- Occupation: Journalist

= Natasha Exelby =

Australian journalist

Natasha Exelby is an Australian journalist and former news anchor.

==Career==
===Seven Network===
Following her graduation from the Queensland University of Technology in 2005, Exelby commenced her career as a full-time journalist, working as a reporter for Seven Queensland's local news bulletins in Bundaberg and Townsville.

===Network 10===
Exelby relocated to Canberra in 2008 where she began a three-year stint as a Ten News political reporter, working in the Canberra Press Gallery for Network 10 which included covering the 2010 Australian federal election.

Following her time in Canberra, Exelby became a senior journalist and news presenter in Sydney.
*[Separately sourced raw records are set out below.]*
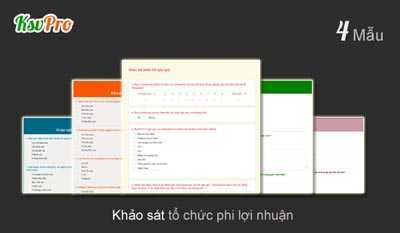 Khảo sát tổ chức phi lợi nhuận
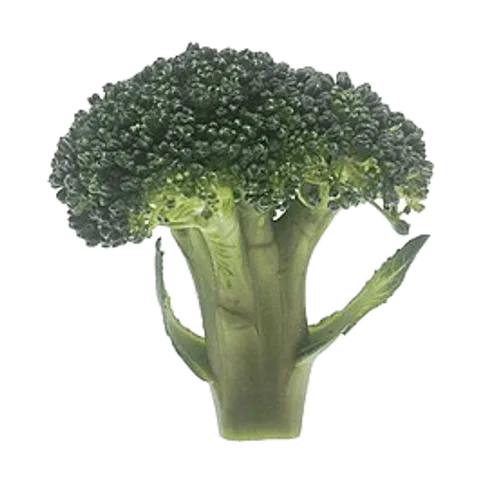 Brócoli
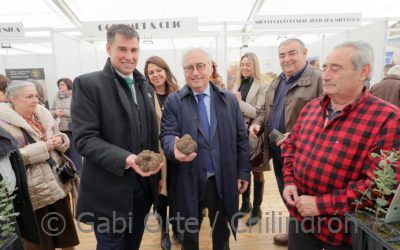 Arranca la novena edición de Veratruf, la Feria de la Trufa de Vera de Moncayo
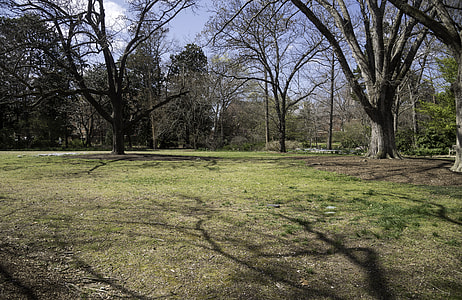 Empty Space in the Garden at UNC Chapel Hill, North Carolina thumbnail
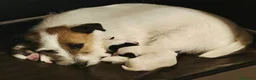 Jack Russell cani in vendita: 𝕊𝕋𝕌ℙ𝔼ℕ𝔻𝕀 ℂ𝕌ℂℂ𝕀𝕆𝕃𝕀 𝕁𝔸ℂ𝕂 ℝ𝕌𝕊𝕊𝔼𝕃𝕃 a Città metropolitana di Roma Capitale - Annuncio 8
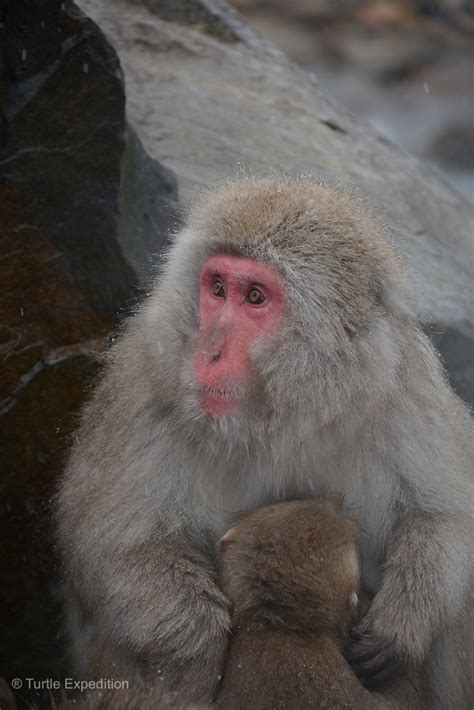 Turtle Expedition » Japan #6 – Snow Monkeys – December 2014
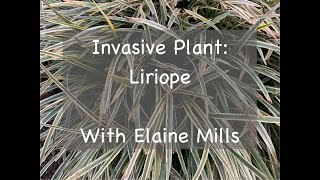 Invasive Plant Liriope [upl. by Clapp]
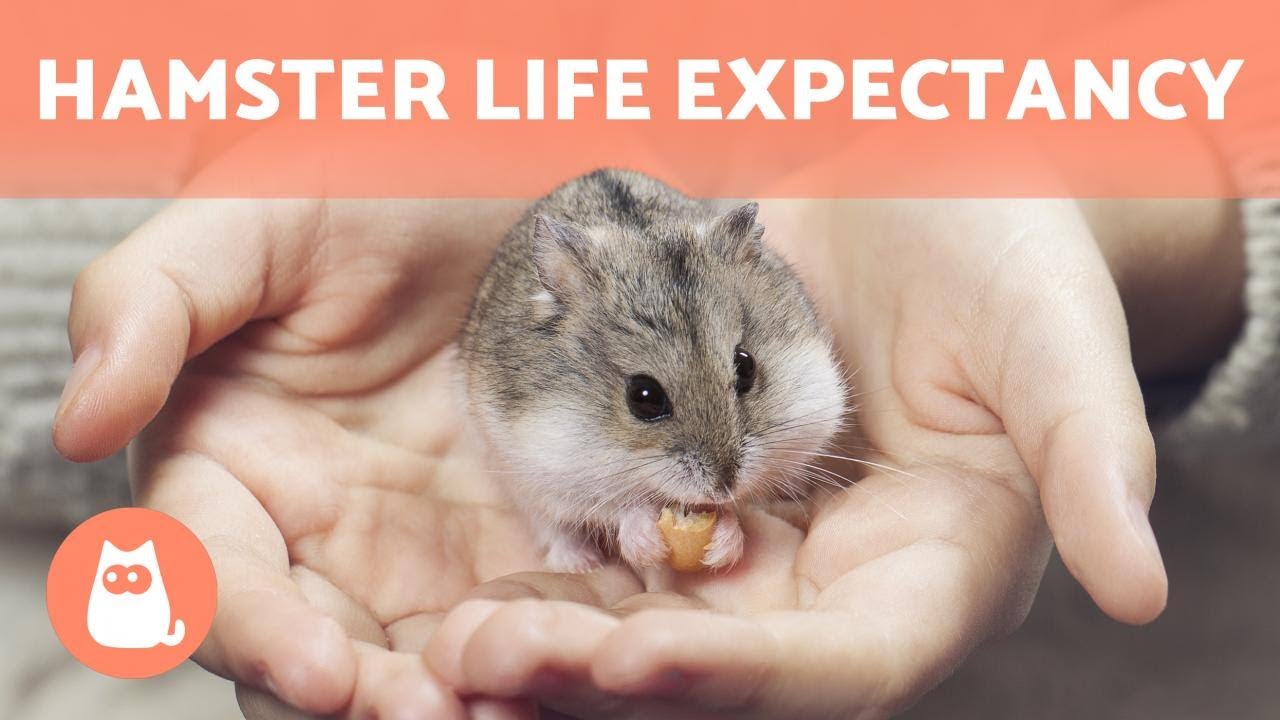 hamster life expectancy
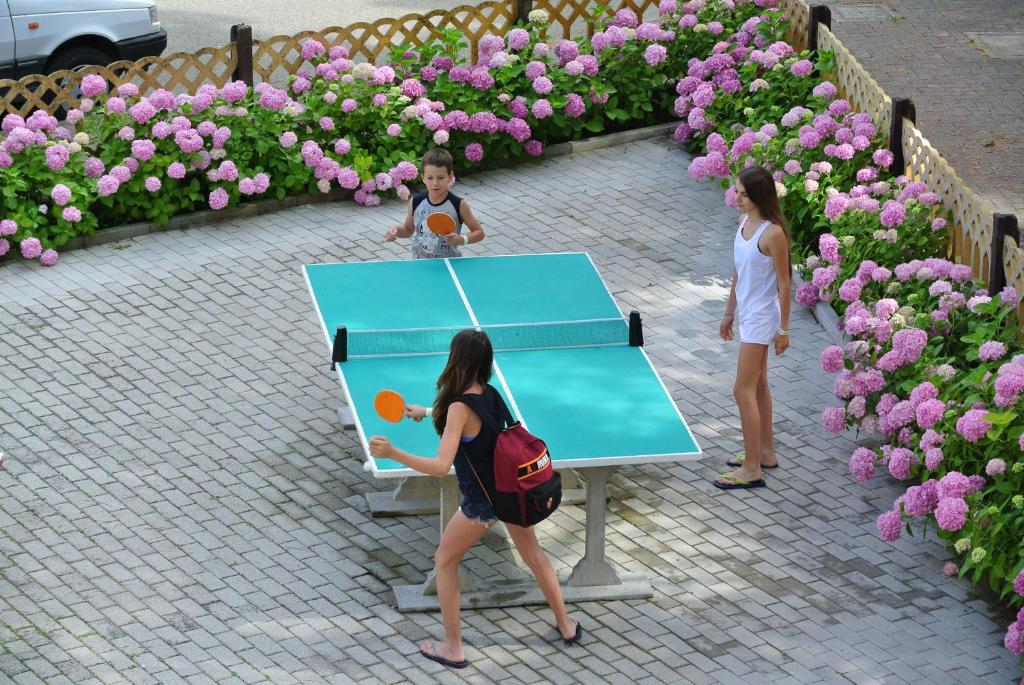 Stolní tenis v ubytování Hotel Toschi nebo okolí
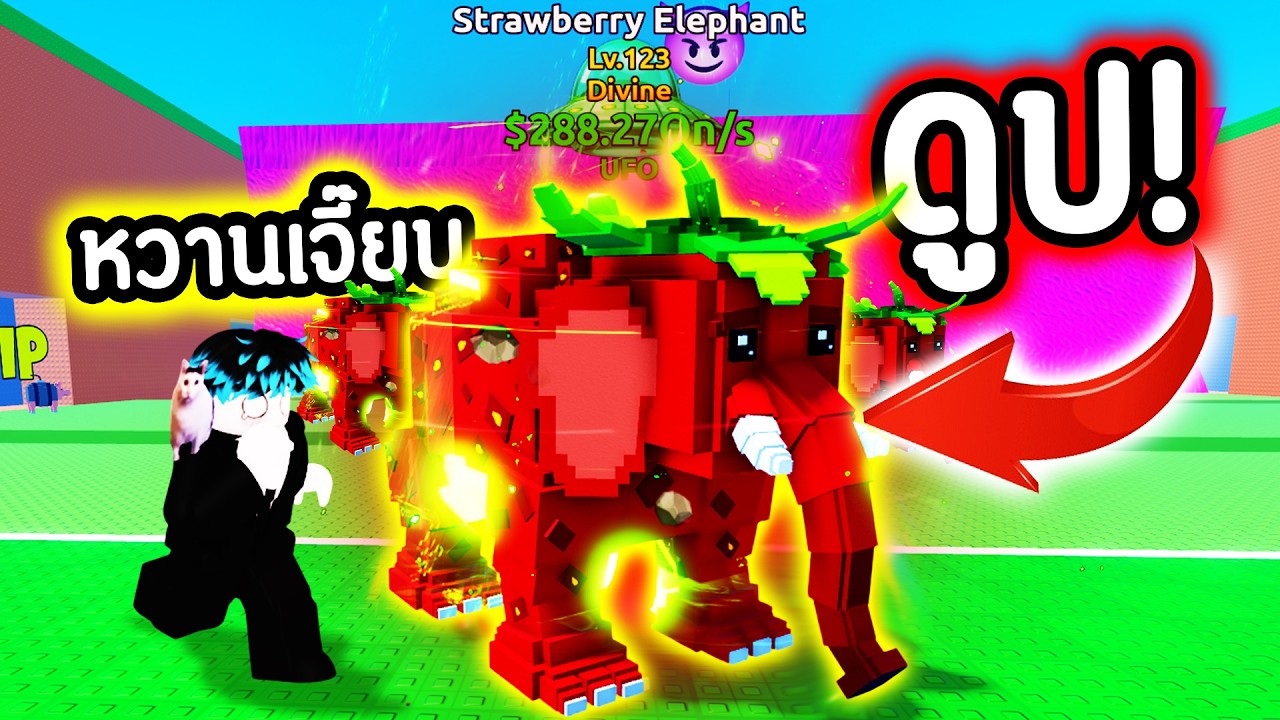 ดูป ช้าง OG ไม่จำกัด 🤯🔥 โกงมาก !!!! 🤤💸 Roblox Escape tsunami for brainrot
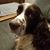 Mike-N'Karen Cathey's profile image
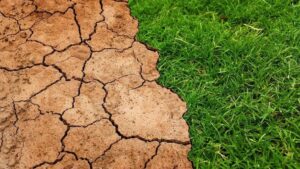 Leia mais sobre o artigo La Niña aumenta risco de seca em regiões do Brasil; veja previsão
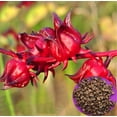 thumbnail image 2 of 50 Roselle Seeds Jamaican Sorrel Seeds Florida Cranberry Hibiscus Sabdariffa Rumex acetosa Sour Leaf Fruit Flower - PeavyTailor, 2 of 12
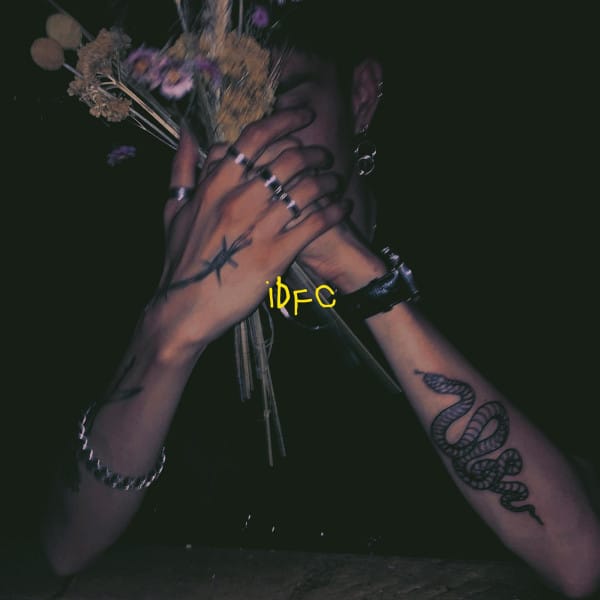 idfc (Acoustic Remake; Slowed)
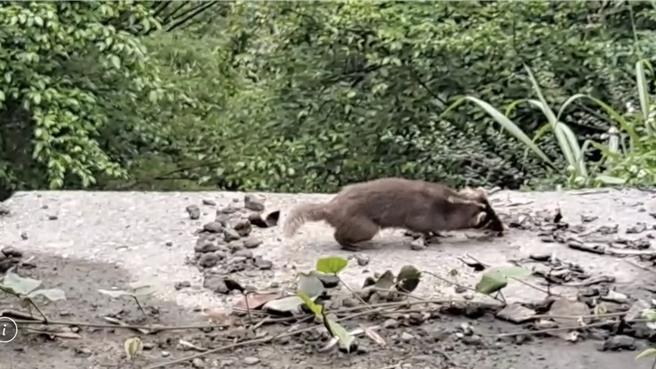 這隻鼬獾今早出現在玉里赤科山產業道路，全身不停打轉、顫抖，如同「喪屍」。（民眾提供／王志偉花蓮傳真）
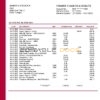 Hungary MKB Bank statement template in Word and PDF format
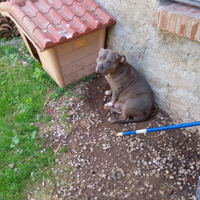 American Bully cuccioli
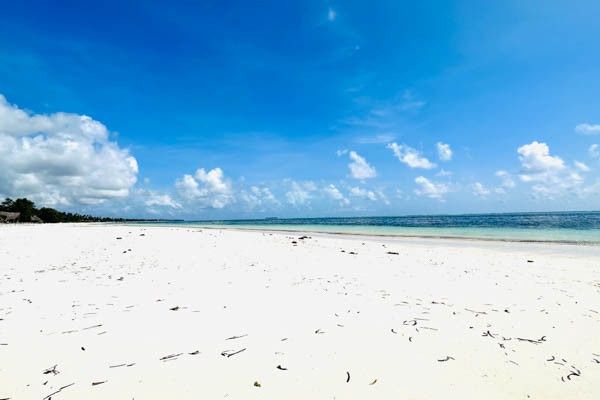 Hôtel Palumbo Mnemba View Resort 4* sup pas cher photo 3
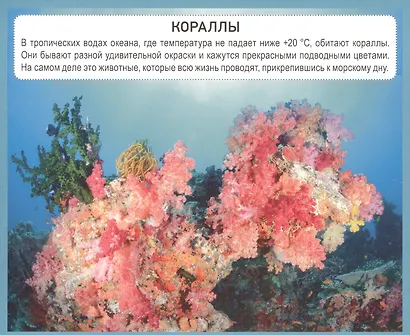 РАЗУМНЫЕ КАРТОЧКИ. ПОДВОДНЫЙ МИР - фото 5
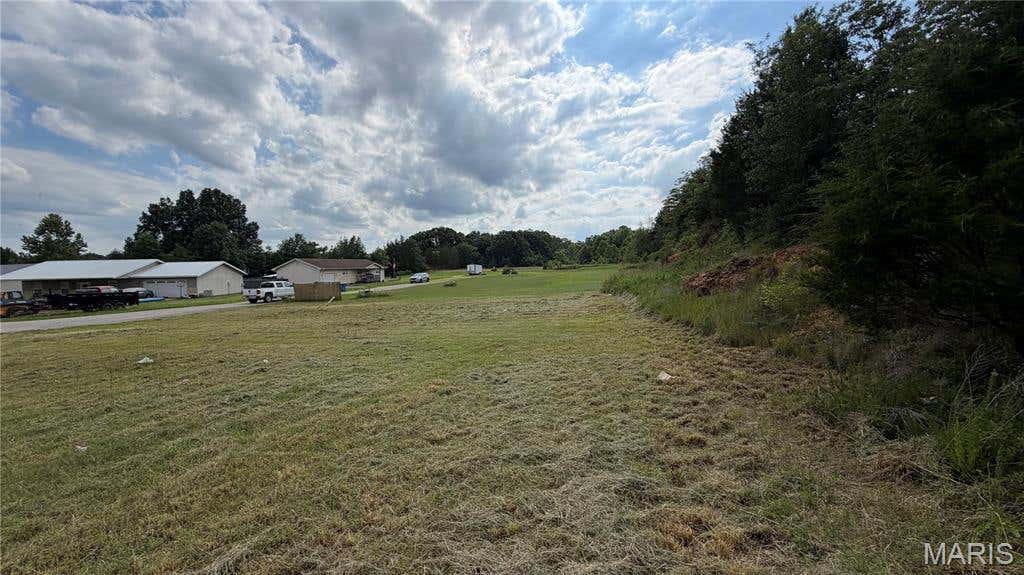 Photo of 00 Palm Tree Drive, Poplar Bluff, MO 63901 (MLS # 26037660)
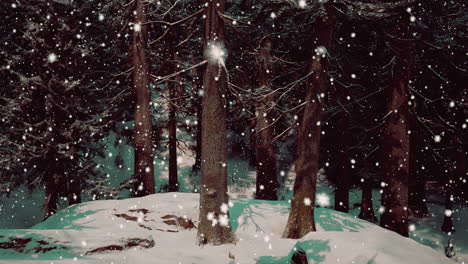 snowy forest at night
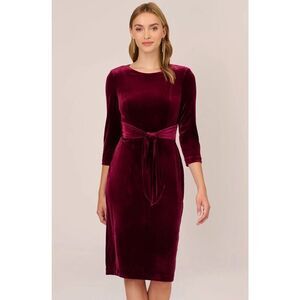 Adrianna Papell Burgundy Velvet Mini Dress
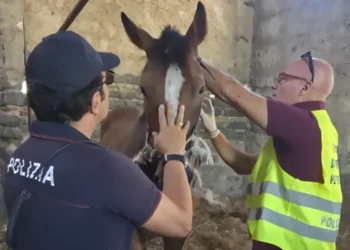 Catania: ancora fantasmi abusivi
In June 2013, while reading news headlines on Ten Eyewitness News Late, Exelby began giggling while reading a number of serious items. After the incident, Exelby apologised while Network Ten released a statement describing Exelby's actions as "totally unacceptable" and said there was no excusing her behaviour.

Exelby served as one of the original host on Network 10's breakfast news program Wake Up, working alongside Natarsha Belling and James Mathison, which launched on 4 November 2013. However, Exelby was dropped from the program less than three weeks after the first broadcast with creator Adam Boland blaming a lack of chemistry between the three presenters for the decision.

Exelby has since said she was told about her axing in a carpark, 45 minutes before it was publicly announced.

===TRT World===
In October 2015, Exelby began working for the Turkish Radio and Television Corporation's international news channel TRT World in Turkey.

===Freelance Media Consultant===

Following her work with TRT World, Exelby relocated back to Australia in November 2016, where she then established a media consultancy business.

===Australian Broadcasting Corporation===
In 2017, Exelby commenced working as a casual news presenter on the Australian Broadcasting Corporation's news channel ABC News.

While reading a late night ABC News bulletin on Saturday 8 April 2017, Exelby momentarily became distracted by her pen and failed to realise she was on air following the conclusion of a story. Upon realising she was on air, Exelby gasped and hurriedly introduced the sport segment, presented by Meredith Sheehan.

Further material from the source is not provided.